For over eighteen years Norm and I would pile our three kids into the blue Volvo station wagon on Friday afternoons and head down to Palm Springs where Norm’s parents would rent a condo every winter.  Pinnie and Lil were snow-birds, leaving behind their home in Toronto and flying West to enjoy six weeks of sunshine and warm weather and, of course, their grandchildren.  The parents of our close friends vacationed in the same complex which meant that the children had their friends, we had ours, and Bubbie and Zaidie had us all. Some years my sisters-in-law and their families would come in from Canada or Israel, giving the cousins the opportunity to spend time together. Our days were spent sitting at the pool relaxing, and watching the kids play Marco Polo. There were also hikes in Joshua Tree, tennis matches, outings to the local flea market, February birthday celebrations, and of course, many meals. After the inevitably long trip from Los Angeles, we knew that Bubbie and Zadie were waiting on the other end keeping Shabbat dinner warm.  We often made it just in time for supper, and we could predict with a fair amount of certainty what that would be.  It would include either vegetable or chicken soup, cornflake coated chicken, salad, and the all time favorite, chicken fricassee.  I had never heard of fricassee before I met my mother-in-law.  It is a delicious stew of chicken balls and wings, cooked together in a slightly sweetened tomato based sauce and it was the perfect dish to eat after a long, trying car trip.  The chicken balls were tender, the wings would fall apart as you ate them, and the sauce would soak into the mashed potatoes.  As often as I have I made this dish, it never tastes exactly like Lil’s.  I have gone over the recipe with her many times but maybe you have to be a Bubbie to get it just right.  We are going to Toronto in October to visit Bubbie and Zaidie and maybe with a little luck and a BIG hint, we will have fricassee waiting when we arrive.
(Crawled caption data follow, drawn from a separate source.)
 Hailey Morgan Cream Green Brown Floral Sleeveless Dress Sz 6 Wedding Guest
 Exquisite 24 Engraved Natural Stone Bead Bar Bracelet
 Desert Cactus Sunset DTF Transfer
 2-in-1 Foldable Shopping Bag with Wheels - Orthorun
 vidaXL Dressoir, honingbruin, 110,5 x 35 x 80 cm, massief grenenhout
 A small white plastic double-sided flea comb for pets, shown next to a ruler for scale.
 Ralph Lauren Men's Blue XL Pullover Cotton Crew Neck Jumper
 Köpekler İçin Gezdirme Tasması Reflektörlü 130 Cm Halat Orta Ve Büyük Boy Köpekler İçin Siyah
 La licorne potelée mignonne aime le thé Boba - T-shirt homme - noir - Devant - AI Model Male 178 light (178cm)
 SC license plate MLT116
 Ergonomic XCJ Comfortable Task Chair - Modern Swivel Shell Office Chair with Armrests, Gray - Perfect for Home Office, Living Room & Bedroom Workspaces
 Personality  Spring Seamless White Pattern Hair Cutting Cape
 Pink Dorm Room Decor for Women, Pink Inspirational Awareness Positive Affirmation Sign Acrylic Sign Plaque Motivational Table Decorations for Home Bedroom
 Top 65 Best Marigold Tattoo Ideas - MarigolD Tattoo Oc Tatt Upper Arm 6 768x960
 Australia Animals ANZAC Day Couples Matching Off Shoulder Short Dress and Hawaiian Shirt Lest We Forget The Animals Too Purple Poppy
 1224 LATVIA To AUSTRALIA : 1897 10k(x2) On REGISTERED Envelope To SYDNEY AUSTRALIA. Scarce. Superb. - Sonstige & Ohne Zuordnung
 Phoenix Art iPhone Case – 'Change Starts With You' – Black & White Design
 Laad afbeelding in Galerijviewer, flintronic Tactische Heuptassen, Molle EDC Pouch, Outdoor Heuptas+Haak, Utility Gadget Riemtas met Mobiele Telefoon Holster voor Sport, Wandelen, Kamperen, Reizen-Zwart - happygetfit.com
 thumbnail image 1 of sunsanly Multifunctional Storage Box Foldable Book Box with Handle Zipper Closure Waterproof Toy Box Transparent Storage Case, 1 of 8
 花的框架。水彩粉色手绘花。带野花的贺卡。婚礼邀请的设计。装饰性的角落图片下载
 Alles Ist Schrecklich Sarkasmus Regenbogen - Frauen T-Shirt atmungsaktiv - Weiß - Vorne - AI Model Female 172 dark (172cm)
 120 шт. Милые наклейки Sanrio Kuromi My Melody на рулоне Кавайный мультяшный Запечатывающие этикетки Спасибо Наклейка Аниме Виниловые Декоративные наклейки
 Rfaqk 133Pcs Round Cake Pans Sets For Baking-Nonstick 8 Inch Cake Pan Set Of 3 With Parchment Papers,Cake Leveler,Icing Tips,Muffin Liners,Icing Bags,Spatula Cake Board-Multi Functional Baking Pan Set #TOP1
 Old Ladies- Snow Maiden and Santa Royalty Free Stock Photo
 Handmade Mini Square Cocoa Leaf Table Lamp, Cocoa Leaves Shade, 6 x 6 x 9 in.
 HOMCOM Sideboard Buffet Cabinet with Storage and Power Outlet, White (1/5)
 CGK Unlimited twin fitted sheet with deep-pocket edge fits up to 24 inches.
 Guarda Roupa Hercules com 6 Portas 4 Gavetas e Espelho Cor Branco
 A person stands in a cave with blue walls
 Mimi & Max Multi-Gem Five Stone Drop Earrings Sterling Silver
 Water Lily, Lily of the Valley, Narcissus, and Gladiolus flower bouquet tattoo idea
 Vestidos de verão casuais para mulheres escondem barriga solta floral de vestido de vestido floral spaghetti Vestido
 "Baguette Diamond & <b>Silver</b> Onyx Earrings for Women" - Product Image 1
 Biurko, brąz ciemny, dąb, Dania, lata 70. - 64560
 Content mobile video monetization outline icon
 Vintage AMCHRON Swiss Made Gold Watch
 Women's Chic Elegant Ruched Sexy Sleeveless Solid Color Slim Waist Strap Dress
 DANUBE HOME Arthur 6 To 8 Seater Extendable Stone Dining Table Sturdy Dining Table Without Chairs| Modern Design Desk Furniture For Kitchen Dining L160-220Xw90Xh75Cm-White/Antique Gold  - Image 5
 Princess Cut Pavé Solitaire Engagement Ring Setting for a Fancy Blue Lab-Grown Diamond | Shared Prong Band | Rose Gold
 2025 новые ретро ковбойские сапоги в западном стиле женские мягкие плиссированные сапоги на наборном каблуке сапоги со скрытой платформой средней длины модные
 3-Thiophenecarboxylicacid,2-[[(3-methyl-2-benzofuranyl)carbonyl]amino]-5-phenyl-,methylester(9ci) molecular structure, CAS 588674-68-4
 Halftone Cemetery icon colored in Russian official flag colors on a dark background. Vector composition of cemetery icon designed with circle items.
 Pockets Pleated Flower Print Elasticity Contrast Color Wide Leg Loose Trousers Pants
*August 7th is Lil’s 85th birthday and we all wish you a Happy Birthday!!!  See you soon.

Lil’s Chicken Fricassee

10 chicken wings, cut at the joint

Meatballs

2 lbs. ground chicken

1 large onion, finely diced

1/2 cup bread crumbs

2 eggs

2 Tbsp ketchup

salt and pepper to taste

Mix all ingredients and form into balls. Set aside.

Sauce

1- 29 oz. can tomato sauce

1-15 oz. can crushed tomatoes

2 large brown onions, cut in half and thinly sliced

1/4 cup ketchup

1/4 cup brown sugar

1/2 cup raisins

salt and pepper to taste

Place all the ingredients for the sauce in a very large pot.  Bring to a boil and stir.  Add wings first and then carefully add chicken balls. Reduce heat to a simmer and cover. Cook fricassee for about two hours.